釜自体はすべすべした耐熱陶器。大きく幅をとってしまうこともなく、インテリアにも調和しやすいシンプルでモダンなデザインです。まずは、電子レンジでご飯を炊いてみることにしましょう。
電子レンジで土窯ご飯を炊いてみる
◇白米の炊き方
材料・・・白米、水
白米と水の分量は普段通り。一合(180cc)につき水200ccが必要です。
炊飯器や鍋で炊くように、まずはお米を洗っていきます。(無洗米の場合は省いてください。)その後、十分にお米に水分を吸収させるために白濁するまでご飯を浸けておきます。夏場なら30分〜1時間、冬場なら1〜2時間程度。この工程が、芯のないふっくらつやつやしたご飯に不可欠なのです。今回は外蓋を被せて1時間置きます。
十分に浸水させたら、内蓋、外蓋と被せて、電子レンジ庫内に入れます。
炊き時間の目安は【500ワット】で、一合12分、二合14分。じっくり加熱していくと、釜内が高温になり、蓋がカタカタといい始めます。まれに二合炊きで噴きこぼれることがあるので、気になる場合は10分加熱した後、2分放置して、再度5分加熱してみてください。
そして、レンジの加熱が終わったら、そのまま20分蒸らすこと。これで完成です。
開けてみるとふわっとあま〜いお米の香りが広がります。炊飯器で炊いた時と比べて、お米一粒一粒が立ち上がるようにふっくら!
じっと見ていたくなりますが、杓文字で混ぜ合わせて余分な水分を飛ばして完成です。美味しくお召し上がりください。
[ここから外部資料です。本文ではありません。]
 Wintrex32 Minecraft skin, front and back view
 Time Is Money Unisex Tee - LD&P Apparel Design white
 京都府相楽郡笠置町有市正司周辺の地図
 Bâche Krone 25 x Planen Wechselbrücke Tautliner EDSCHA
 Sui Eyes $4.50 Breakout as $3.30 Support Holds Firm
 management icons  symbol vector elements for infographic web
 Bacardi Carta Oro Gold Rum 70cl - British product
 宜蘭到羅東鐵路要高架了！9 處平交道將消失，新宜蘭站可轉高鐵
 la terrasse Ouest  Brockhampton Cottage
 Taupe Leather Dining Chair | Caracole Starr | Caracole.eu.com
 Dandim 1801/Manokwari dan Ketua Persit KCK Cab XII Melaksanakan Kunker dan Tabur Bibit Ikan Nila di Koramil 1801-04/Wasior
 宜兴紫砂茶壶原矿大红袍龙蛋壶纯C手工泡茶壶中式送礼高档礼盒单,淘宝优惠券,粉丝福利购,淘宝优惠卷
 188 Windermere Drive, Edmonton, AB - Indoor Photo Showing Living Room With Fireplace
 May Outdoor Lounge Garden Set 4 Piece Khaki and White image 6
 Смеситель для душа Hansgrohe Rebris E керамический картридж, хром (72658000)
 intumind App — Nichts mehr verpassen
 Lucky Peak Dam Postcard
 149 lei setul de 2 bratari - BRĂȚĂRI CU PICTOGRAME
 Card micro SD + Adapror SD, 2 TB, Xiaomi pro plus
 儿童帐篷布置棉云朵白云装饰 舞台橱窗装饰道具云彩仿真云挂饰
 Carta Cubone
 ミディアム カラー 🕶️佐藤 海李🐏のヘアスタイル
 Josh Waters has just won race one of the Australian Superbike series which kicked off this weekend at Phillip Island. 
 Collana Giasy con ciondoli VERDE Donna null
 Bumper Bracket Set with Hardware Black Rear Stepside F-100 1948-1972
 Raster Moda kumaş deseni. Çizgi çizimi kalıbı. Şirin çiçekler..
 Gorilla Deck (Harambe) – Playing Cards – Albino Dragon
食べてみた感想としては、「ご飯が一粒一粒しっかりしていて、とっても美味しい!」ということでした。余ったご飯は冷蔵庫に入れたり、冷凍しても、温め直した時にべちゃっとしないのに感動しました。釜の中を高温にして、じっくり炊いたからこその美味しさです。
さて、ご飯釜で美味しくご飯を炊くために必要なポイントはこちらです。実は最初に炊く時に見落として失敗する方も多い部分ですが、シンプルな工程なので何度か炊くと体が覚えますよ。お好みで水の量や炊く時間をプラスしても良いです。
!!ポイント!!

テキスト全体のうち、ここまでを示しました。